When drought years come, Driessen will go out every day he can. “It’s way past a hobby – it’s become a borderline obsession,” he quipped.
“A trophy striper will eat anything that moves past its face. When I hooked up with Brock Hiroshima of Hiroshima Customs, I told him I wanted to do something nobody had never done; throw a 13 inch glide bait,,” he said.
“Nobody had ever thought of throwing this bait that weighs 11 ounces, an absolute monstrosity. Two years ago, I met up with Miles Boyd of Elite Sticks and Anthony Crawford. The three of us sat down and figured out how to build these rods that cast baits over 9 ounces,” he explained.
Driessen fishes the Sacramento River from the Red Bluff Diversion Dam to Colusa.
“I’m fishing for one bite all day.
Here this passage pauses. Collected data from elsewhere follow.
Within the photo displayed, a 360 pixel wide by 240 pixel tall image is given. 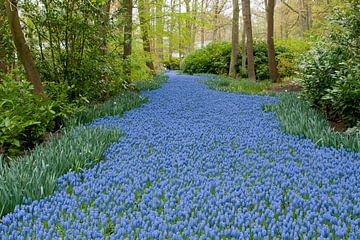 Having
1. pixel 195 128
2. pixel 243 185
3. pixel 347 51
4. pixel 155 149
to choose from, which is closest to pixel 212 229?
pixel 243 185

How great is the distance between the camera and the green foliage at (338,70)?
4.42m

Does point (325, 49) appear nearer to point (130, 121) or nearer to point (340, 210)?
point (130, 121)

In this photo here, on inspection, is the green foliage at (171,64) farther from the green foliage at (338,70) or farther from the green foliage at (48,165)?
the green foliage at (48,165)

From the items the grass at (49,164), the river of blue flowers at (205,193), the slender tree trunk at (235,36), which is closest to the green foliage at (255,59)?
the slender tree trunk at (235,36)

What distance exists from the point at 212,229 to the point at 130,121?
3.37m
If and when that bite comes, you can guarantee it wil be the fish of your dreams, but that has been a rarity over the past 7 months,” Driessen explained.
When I interviewed Driessen, a Butte Creek area resident, he said had just had kidney surgery the day before and was recovering.
The 29-year old, who fished with his dad on Lake Shastina from the time he could hold a fishing rod in his hand, has also been battling esophageal cancer for 4 years.
But he plans to be back fishing as soon as he can. “I hope to be back on the river fishing in another two weeks,” he forecasted.